242. Demikianlah Allah menerangkan kepadamu ayat-ayat-Nya (hukum-hukum-Nya) agar kamu mengerti[7].
Ayat
243-245: Kisah orang-orang yang keluar dari kampung halamannya karena
takut mati, dorongan berjihad dan berinfak di jalan Allah
أَلَمْ
تَرَ إِلَى الَّذِينَ خَرَجُوا مِنْ دِيَارِهِمْ وَهُمْ أُلُوفٌ حَذَرَ
الْمَوْتِ فَقَالَ لَهُمُ اللَّهُ مُوتُوا ثُمَّ أَحْيَاهُمْ إِنَّ اللَّهَ
لَذُو فَضْلٍ عَلَى النَّاسِ وَلَكِنَّ أَكْثَرَ النَّاسِ لا يَشْكُرُونَ
(٢٤٣) وَقَاتِلُوا فِي سَبِيلِ اللَّهِ وَاعْلَمُوا أَنَّ اللَّهَ سَمِيعٌ
عَلِيمٌ (٢٤٤) مَنْ ذَا الَّذِي يُقْرِضُ اللَّهَ قَرْضًا حَسَنًا
فَيُضَاعِفَهُ لَهُ أَضْعَافًا كَثِيرَةً وَاللَّهُ يَقْبِضُ وَيَبْسُطُ
وَإِلَيْهِ تُرْجَعُونَ (٢٤٥
Terjemah Surat Al Baqarah Ayat 243-245
243. [8] Tidakkah kamu memperhatikan orang-orang yang keluar dari kampung halamannya, sedangkan jumlah mereka ribuan karena takut mati?[9] Lalu Allah berfirman kepada mereka: "Matilah kamu!", Kemudian Allah menghidupkan mereka[10]. Sesungguhnya Allah memiliki karunia yang diberikan-Nya kepada manusia[11], tetapi kebanyakan manusia tidak bersyukur[12].
244. Berperanglah kamu di jalan Allah[13], dan ketahuilah bahwa Allah Maha mendengar lagi Maha mengetahui.

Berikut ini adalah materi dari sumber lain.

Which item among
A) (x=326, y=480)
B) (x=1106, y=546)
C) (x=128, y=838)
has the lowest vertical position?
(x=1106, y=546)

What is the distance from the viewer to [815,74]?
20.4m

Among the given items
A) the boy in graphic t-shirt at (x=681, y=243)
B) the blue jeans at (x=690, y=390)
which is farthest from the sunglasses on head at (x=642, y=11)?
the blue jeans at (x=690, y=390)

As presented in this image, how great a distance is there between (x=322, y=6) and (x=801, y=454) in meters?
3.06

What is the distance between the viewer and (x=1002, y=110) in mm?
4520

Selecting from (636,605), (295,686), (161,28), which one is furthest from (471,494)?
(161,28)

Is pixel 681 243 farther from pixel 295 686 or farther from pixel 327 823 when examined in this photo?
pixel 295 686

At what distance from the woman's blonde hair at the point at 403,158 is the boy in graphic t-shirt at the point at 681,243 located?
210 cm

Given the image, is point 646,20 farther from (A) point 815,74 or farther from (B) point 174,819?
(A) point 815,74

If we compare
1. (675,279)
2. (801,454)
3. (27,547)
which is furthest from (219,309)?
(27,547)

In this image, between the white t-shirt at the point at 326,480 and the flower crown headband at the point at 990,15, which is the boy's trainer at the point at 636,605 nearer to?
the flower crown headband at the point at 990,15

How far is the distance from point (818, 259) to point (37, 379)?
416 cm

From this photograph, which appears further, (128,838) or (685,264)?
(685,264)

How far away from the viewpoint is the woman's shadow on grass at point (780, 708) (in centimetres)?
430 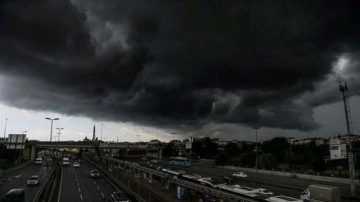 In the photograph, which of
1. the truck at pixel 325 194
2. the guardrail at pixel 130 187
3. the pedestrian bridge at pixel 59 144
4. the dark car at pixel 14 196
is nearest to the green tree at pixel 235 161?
the guardrail at pixel 130 187

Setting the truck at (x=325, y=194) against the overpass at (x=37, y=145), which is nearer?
the truck at (x=325, y=194)

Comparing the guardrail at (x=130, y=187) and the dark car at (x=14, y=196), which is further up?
the dark car at (x=14, y=196)

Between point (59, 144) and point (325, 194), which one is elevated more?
point (59, 144)

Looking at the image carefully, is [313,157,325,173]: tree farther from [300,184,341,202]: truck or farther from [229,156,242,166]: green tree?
[300,184,341,202]: truck

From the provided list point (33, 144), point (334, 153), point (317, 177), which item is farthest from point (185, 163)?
point (33, 144)

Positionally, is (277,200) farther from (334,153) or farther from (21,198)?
(334,153)

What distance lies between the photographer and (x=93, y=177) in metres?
88.5

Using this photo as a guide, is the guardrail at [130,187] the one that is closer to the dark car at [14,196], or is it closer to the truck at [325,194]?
the dark car at [14,196]

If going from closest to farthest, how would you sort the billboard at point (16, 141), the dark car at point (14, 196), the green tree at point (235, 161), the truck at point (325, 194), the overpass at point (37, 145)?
the truck at point (325, 194), the dark car at point (14, 196), the billboard at point (16, 141), the green tree at point (235, 161), the overpass at point (37, 145)

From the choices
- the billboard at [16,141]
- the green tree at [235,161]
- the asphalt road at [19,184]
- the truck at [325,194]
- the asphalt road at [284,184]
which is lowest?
the asphalt road at [19,184]

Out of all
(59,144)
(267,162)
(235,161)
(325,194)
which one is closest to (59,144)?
(59,144)

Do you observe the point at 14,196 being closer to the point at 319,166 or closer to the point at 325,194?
the point at 325,194

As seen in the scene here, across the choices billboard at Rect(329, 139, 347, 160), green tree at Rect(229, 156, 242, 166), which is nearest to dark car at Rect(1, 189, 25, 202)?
billboard at Rect(329, 139, 347, 160)

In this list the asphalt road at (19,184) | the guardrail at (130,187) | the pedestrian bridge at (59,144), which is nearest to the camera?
the guardrail at (130,187) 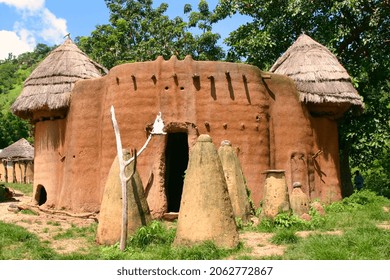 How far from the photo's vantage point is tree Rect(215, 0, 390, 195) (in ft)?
56.3

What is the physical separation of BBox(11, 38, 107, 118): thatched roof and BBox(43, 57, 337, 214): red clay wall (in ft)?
5.14

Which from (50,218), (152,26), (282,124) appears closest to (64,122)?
(50,218)

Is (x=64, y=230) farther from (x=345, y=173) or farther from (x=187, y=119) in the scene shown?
(x=345, y=173)

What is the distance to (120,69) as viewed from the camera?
1309cm

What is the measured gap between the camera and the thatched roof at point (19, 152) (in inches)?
1240

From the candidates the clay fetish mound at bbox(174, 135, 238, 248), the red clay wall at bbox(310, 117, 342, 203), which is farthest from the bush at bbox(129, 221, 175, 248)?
the red clay wall at bbox(310, 117, 342, 203)

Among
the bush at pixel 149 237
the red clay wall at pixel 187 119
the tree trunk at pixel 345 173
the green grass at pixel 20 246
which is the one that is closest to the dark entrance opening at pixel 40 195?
the red clay wall at pixel 187 119

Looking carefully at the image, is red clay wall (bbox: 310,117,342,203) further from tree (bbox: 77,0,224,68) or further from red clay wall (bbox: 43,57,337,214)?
tree (bbox: 77,0,224,68)

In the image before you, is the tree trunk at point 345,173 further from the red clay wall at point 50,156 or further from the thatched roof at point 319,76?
the red clay wall at point 50,156

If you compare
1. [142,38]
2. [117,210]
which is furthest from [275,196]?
[142,38]

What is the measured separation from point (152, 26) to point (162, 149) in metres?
18.9

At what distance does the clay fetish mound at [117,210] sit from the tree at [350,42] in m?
10.2

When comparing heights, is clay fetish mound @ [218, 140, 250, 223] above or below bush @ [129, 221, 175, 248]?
above

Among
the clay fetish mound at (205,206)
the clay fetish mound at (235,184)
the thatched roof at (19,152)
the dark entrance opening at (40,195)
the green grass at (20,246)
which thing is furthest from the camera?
the thatched roof at (19,152) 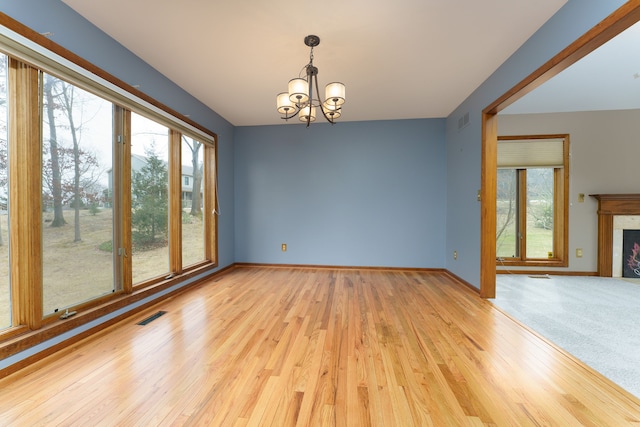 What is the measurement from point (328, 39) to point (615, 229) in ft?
16.7

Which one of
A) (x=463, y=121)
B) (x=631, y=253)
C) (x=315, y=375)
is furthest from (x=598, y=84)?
(x=315, y=375)

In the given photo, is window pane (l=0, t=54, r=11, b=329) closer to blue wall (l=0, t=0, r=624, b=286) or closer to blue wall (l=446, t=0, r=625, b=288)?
blue wall (l=0, t=0, r=624, b=286)

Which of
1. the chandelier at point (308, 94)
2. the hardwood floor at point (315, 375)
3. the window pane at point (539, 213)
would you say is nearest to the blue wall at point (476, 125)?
the hardwood floor at point (315, 375)

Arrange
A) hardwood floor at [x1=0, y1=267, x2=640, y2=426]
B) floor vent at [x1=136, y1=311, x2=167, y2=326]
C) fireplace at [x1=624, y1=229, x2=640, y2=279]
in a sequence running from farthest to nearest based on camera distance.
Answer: fireplace at [x1=624, y1=229, x2=640, y2=279]
floor vent at [x1=136, y1=311, x2=167, y2=326]
hardwood floor at [x1=0, y1=267, x2=640, y2=426]

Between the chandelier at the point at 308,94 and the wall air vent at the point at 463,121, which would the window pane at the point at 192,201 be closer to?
the chandelier at the point at 308,94

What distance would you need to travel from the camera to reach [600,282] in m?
3.42

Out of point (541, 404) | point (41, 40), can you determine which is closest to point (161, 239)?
point (41, 40)

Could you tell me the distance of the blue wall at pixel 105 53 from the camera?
1583mm

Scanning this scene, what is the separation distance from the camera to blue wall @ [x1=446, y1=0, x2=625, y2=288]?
1.68 metres

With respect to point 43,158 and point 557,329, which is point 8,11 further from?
point 557,329

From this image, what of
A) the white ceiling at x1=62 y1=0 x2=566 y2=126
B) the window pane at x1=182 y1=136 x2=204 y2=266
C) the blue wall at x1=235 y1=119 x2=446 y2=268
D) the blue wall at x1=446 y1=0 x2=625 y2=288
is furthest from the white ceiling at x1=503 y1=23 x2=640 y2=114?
the window pane at x1=182 y1=136 x2=204 y2=266

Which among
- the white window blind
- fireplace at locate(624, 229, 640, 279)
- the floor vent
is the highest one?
the white window blind

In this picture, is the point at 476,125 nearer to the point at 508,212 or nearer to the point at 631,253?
the point at 508,212

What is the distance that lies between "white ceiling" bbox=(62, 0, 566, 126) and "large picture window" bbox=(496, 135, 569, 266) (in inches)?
69.0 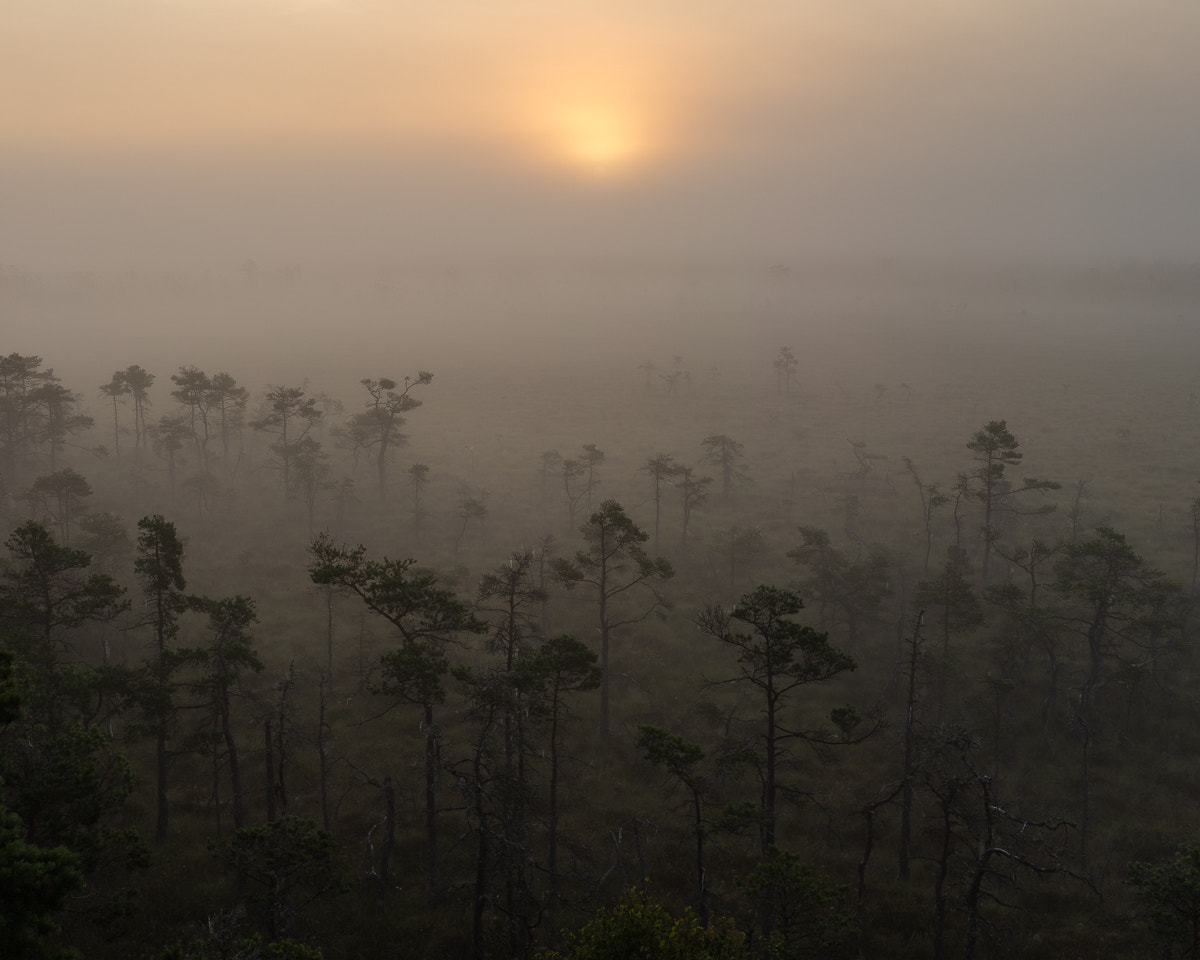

245. Barang siapa yang meminjami Allah[14] dengan pinjaman yang baik[15], maka Allah akan melipatgandakan ganti kepadanya dengan banyak[16]. Allah menahan dan melapangkan (rezki)[17] dan kepada-Nya-lah kamu dikembalikan[18].
Ayat
246: Menerangkan tentang semangatnya Bani Israil untuk berjihad dan
berperang namun hanya pada lisannya saja, tidak ada prakteknya
أَلَمْ
تَرَ إِلَى الْمَلإ مِنْ بَنِي إِسْرَائِيلَ مِنْ بَعْدِ مُوسَى إِذْ
قَالُوا لِنَبِيٍّ لَهُمُ ابْعَثْ لَنَا مَلِكًا نُقَاتِلْ فِي سَبِيلِ
اللَّهِ قَالَ هَلْ عَسَيْتُمْ إِنْ كُتِبَ عَلَيْكُمُ الْقِتَالُ أَلا
تُقَاتِلُوا قَالُوا وَمَا لَنَا أَلا نُقَاتِلَ فِي سَبِيلِ اللَّهِ
وَقَدْ أُخْرِجْنَا مِنْ دِيَارِنَا وَأَبْنَائِنَا فَلَمَّا كُتِبَ
عَلَيْهِمُ الْقِتَالُ تَوَلَّوْا إِلا قَلِيلا مِنْهُمْ وَاللَّهُ عَلِيمٌ
بِالظَّالِمِينَ (٢٤٦
Terjemah Surat Al Baqarah Ayat 246
246. Tidakkah kamu memperhatikan (kisah) para pemuka[19] Bani Israil setelah Nabi Musa wafat, ketika mereka berkata kepada nabi mereka[20]: "Angkatlah seorang raja untuk kami[21],
niscaya kami berperang (di bawah pimpinannya) di jalan Allah". Nabi
mereka menjawab: "Jangan-jangan jika diwajibkan atasmu berperang, kamu
tidak akan berperang". Mereka menjawab: "Mengapa kami tidak mau
berperang di jalan Allah, padahal kami telah diusir dari kampung halaman
kami dan (dipisahkan dari) anak-anak kami?"[22]. Tetapi ketika perang itu diwajibkan atas mereka, mereka berpaling[23], kecuali sebagian kecil dari mereka. Dan Allah Maha Mengetahui orang-orang yang zalim[24].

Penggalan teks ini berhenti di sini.